#### [EXTRACTED DATA]
= = = =
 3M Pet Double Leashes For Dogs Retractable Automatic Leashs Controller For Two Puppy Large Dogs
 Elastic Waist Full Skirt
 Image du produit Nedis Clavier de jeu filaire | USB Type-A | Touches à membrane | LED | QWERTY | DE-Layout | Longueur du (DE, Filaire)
= = = =
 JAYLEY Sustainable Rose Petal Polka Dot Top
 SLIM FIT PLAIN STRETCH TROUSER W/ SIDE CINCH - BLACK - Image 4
= = = =
Please return every line in the data that includes the string "Image".

 Image du produit Nedis Clavier de jeu filaire | USB Type-A | Touches à membrane | LED | QWERTY | DE-Layout | Longueur du (DE, Filaire)
 SLIM FIT PLAIN STRETCH TROUSER W/ SIDE CINCH - BLACK - Image 4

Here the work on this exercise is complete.